■ **Dataset entries**
·····
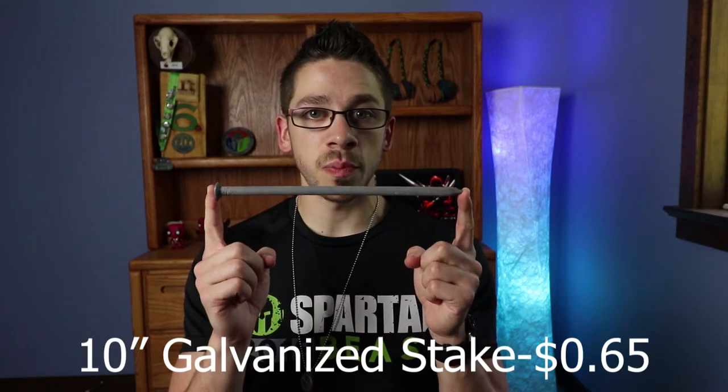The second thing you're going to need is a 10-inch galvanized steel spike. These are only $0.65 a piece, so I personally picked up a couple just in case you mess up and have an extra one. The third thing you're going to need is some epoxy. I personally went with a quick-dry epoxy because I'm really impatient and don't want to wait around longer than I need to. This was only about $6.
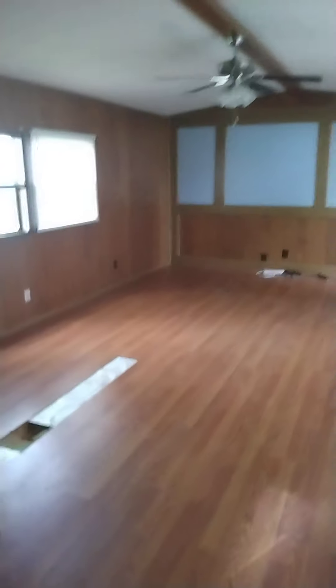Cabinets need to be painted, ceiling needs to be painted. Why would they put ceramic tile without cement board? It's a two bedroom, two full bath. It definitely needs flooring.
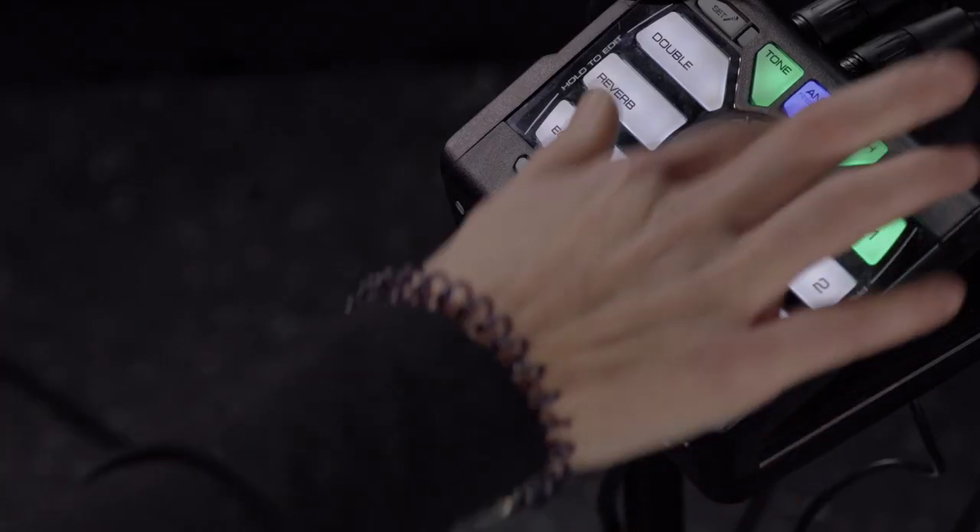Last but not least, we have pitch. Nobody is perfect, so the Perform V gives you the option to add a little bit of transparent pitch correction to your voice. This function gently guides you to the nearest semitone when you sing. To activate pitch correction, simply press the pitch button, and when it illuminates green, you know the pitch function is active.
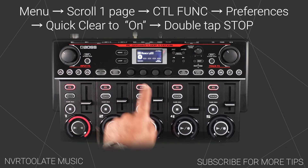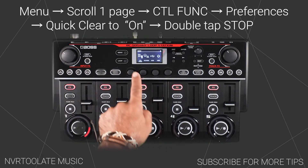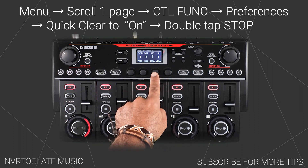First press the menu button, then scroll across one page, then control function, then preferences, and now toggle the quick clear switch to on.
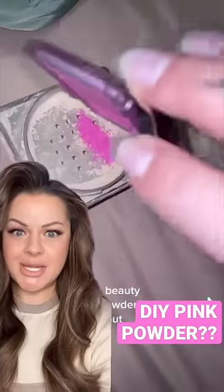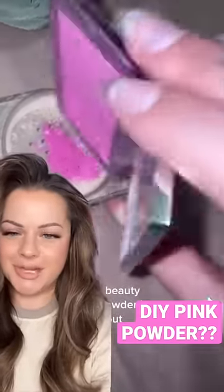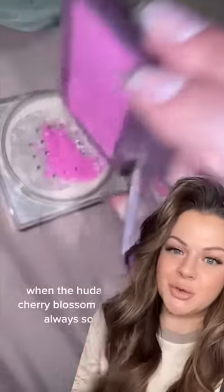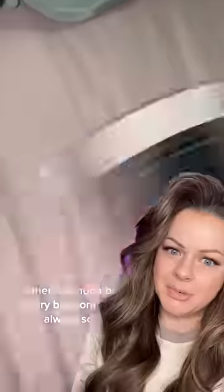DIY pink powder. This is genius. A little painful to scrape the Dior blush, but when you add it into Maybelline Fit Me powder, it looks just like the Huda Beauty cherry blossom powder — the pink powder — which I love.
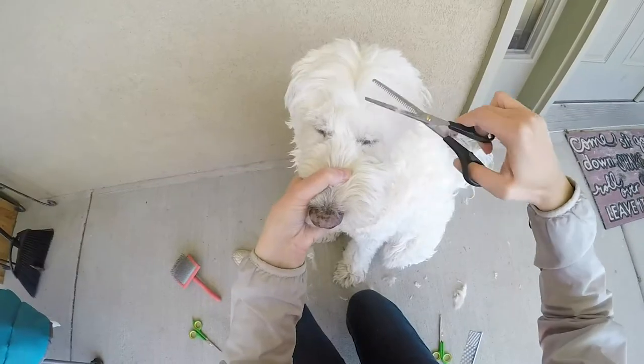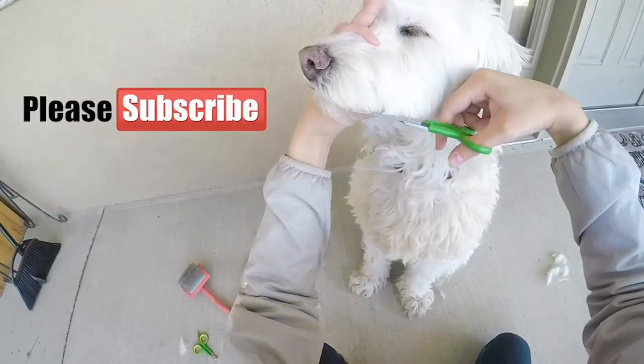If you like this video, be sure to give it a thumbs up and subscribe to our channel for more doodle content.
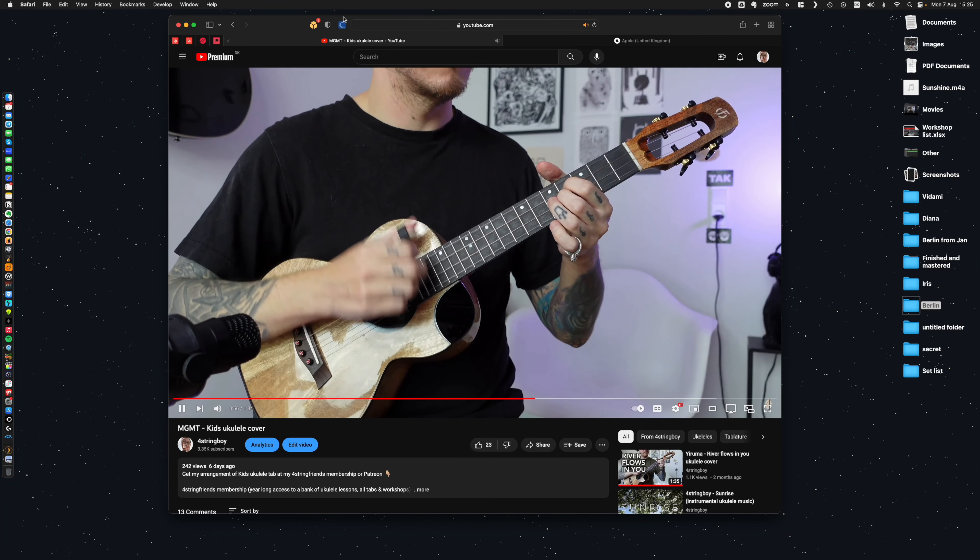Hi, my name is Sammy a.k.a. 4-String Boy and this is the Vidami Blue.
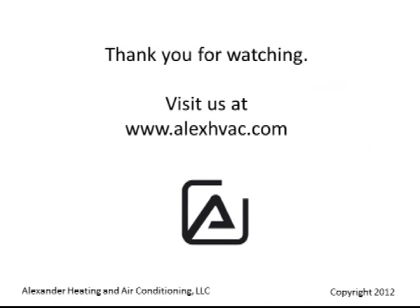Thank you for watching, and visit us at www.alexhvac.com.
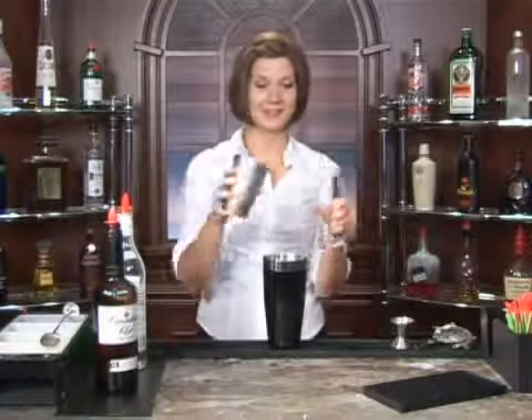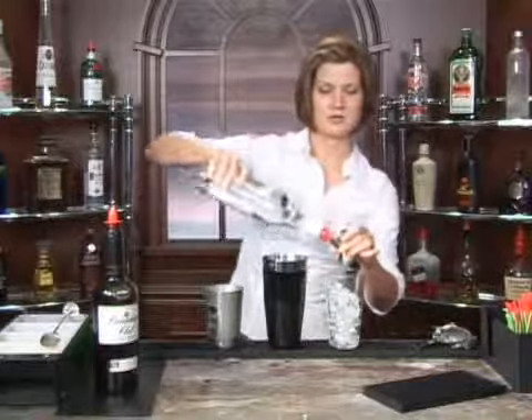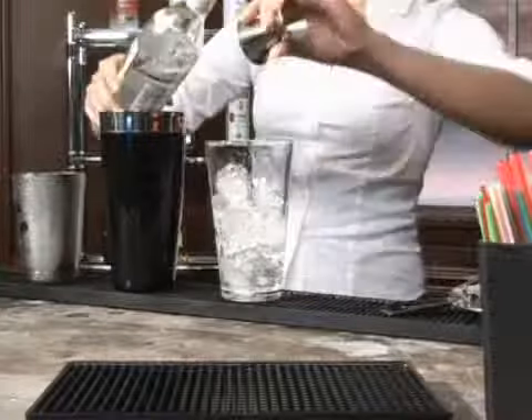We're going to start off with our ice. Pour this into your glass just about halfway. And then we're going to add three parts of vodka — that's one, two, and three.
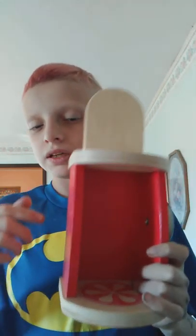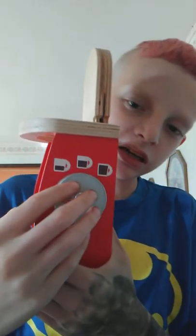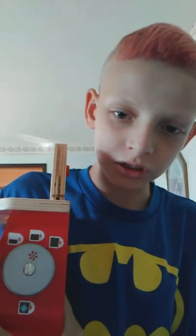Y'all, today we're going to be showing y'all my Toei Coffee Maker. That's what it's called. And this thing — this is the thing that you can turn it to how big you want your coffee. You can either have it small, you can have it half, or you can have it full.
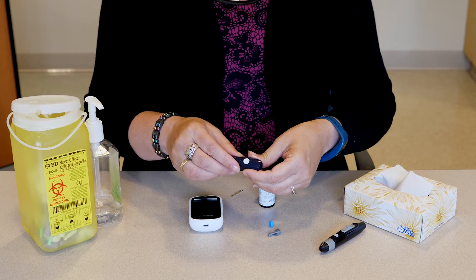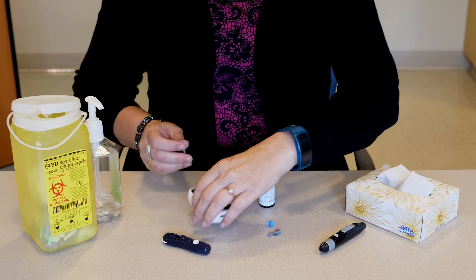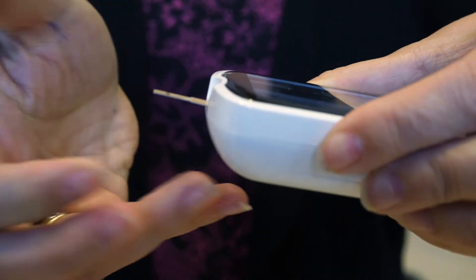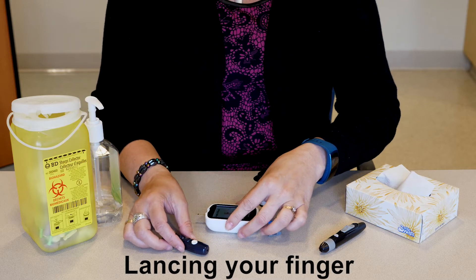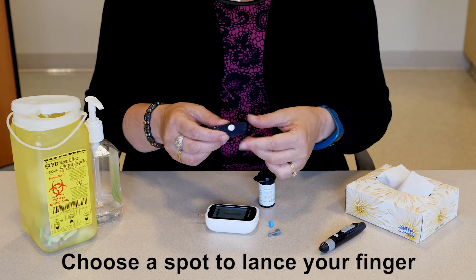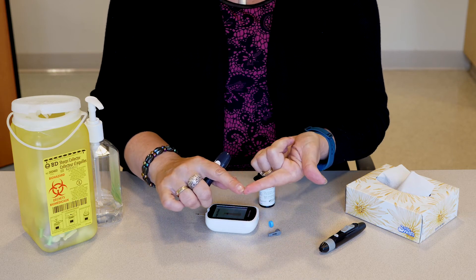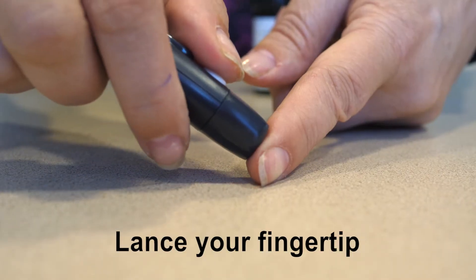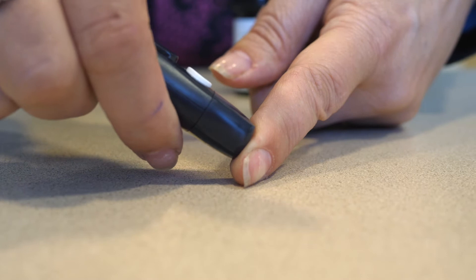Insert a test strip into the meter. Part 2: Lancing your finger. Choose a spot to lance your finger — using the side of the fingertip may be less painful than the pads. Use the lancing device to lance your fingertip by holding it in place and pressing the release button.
·····
■ **Required work**
Reproduce the entries above exactly, though not their pictures.

■ **Answer to this problem**
The second thing you're going to need is a 10-inch galvanized steel spike. These are only $0.65 a piece, so I personally picked up a couple just in case you mess up and have an extra one. The third thing you're going to need is some epoxy. I personally went with a quick-dry epoxy because I'm really impatient and don't want to wait around longer than I need to. This was only about $6.
Cabinets need to be painted, ceiling needs to be painted. Why would they put ceramic tile without cement board? It's a two bedroom, two full bath. It definitely needs flooring.
Last but not least, we have pitch. Nobody is perfect, so the Perform V gives you the option to add a little bit of transparent pitch correction to your voice. This function gently guides you to the nearest semitone when you sing. To activate pitch correction, simply press the pitch button, and when it illuminates green, you know the pitch function is active.
First press the menu button, then scroll across one page, then control function, then preferences, and now toggle the quick clear switch to on.
DIY pink powder. This is genius. A little painful to scrape the Dior blush, but when you add it into Maybelline Fit Me powder, it looks just like the Huda Beauty cherry blossom powder — the pink powder — which I love.
If you like this video, be sure to give it a thumbs up and subscribe to our channel for more doodle content.
Hi, my name is Sammy a.k.a. 4-String Boy and this is the Vidami Blue.
Thank you for watching, and visit us at www.alexhvac.com.
We're going to start off with our ice. Pour this into your glass just about halfway. And then we're going to add three parts of vodka — that's one, two, and three.
Y'all, today we're going to be showing y'all my Toei Coffee Maker. That's what it's called. And this thing — this is the thing that you can turn it to how big you want your coffee. You can either have it small, you can have it half, or you can have it full.
Insert a test strip into the meter. Part 2: Lancing your finger. Choose a spot to lance your finger — using the side of the fingertip may be less painful than the pads. Use the lancing device to lance your fingertip by holding it in place and pressing the release button.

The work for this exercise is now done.